Y lo más inquietante es que, como en el caso de los trajes de Camps, la frase exculpatoria se convierte en símbolo del cinismo institucionalizado. Decir que al final esa comida privada no ha costado nada a los valencianos es una falsedad que esconde que una funcionaria y tal vez un chofer con su coche oficial tuvieron que movilizarse para tapar la vergüenza de su jefe. Eso también es dinero de los valencianos. Mientras se continue confundiendo el dinero público con el bolsillo particular del político, y mientras no existan estructuras administrativas realmente imparciales y profesionales que actúen de contrapesos reales, la corrupción seguirá reproduciéndose en pequeñas o grandes dosis, con total impunidad.

El uso irregular de fondos públicos supone una vulneración del principio de legalidad, del deber de ejemplaridad y de la integridad institucional. Según la doctrina del Tribunal Supremo y del Tribunal de Cuentas, el gasto público debe ajustarse estrictamente a los fines previstos en la ley, y su desviación puede constituir infracción contable, administrativa o incluso penal. Así lo establece, por ejemplo, la Sentencia del Tribunal Supremo 593/2013, de 1 de julio, en la que se condenó a un alcalde por sufragar con fondos municipales gastos de carácter privado y ajenos a la función pública. El Supremo afirmó: “La mera disposición de caudales públicos para fines ajenos a los previstos legalmente, aunque sea con devolución posterior, no excluye la ilicitud ni la responsabilidad exigible.” Y también el Tribunal de Cuentas, en informes y resoluciones reiteradas, ha sostenido que: “El reintegro posterior de los fondos públicos indebidamente utilizados no exime de la responsabilidad contable derivada del uso irregular, máxime si se produce tras la apertura de una investigación o ante una posible repercusión mediática.”

Lo verdaderamente alarmante no es solo que Mazón intentara corregir la situación con un pago opaco y sin rastro administrativo, sino que la Generalitat no ha activado ningún procedimiento interno de revisión, investigación ni exigencia de responsabilidad. Esto pone de manifiesto una carencia estructural: no existen mecanismos automáticos que detecten y corrijan estos desvíos. Nadie en la cadena de gestión cuestionó el gasto, ni tras el primer pago ni tras la devolución. La cultura de control y legalidad ha sido desplazada por una cultura de obediencia y servilismo al jefe.

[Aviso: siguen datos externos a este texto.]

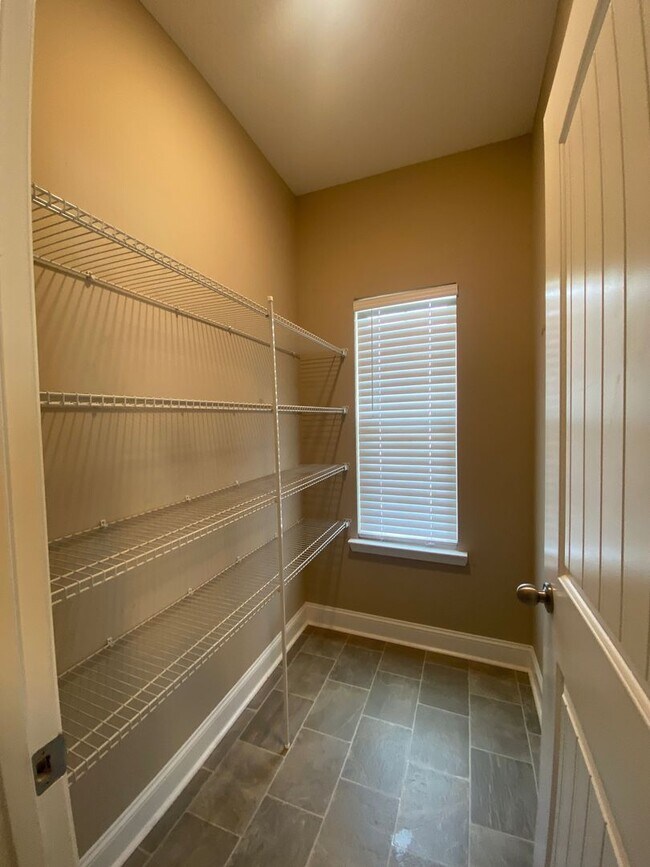 Building Photo - Welcome to Griffin Park in Hinesville!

Además, la falta de órganos realmente independientes de integridad pública y de prevención de la corrupción; la banalización de los códigos éticos reducidos a pura cosmética; y la progresiva politización de los órganos de fiscalización deja estos casos sin respuesta, sin consecuencias y sin reparación institucional. Mientras no existan mecanismos internos y externos que respondan ante estos abusos, y mientras los dirigentes políticos no entiendan que la ejemplaridad es inseparable del poder público y que los bolsillos de los políticos y los funcionarios deben ser transparentes como el cristal, seguiremos asistiendo a un ciclo de escándalos de dimensiones diversas que, sumados, erosionan profundamente la confianza ciudadana en las instituciones.

Porque la corrupción no empieza con comisiones millonarias en paraísos fiscales por adjudicaciones de contratos públicos a los amigos y empresas corruptoras. Empieza con gastos privados que pagamos entre todos y silencios cómplices que lo permiten.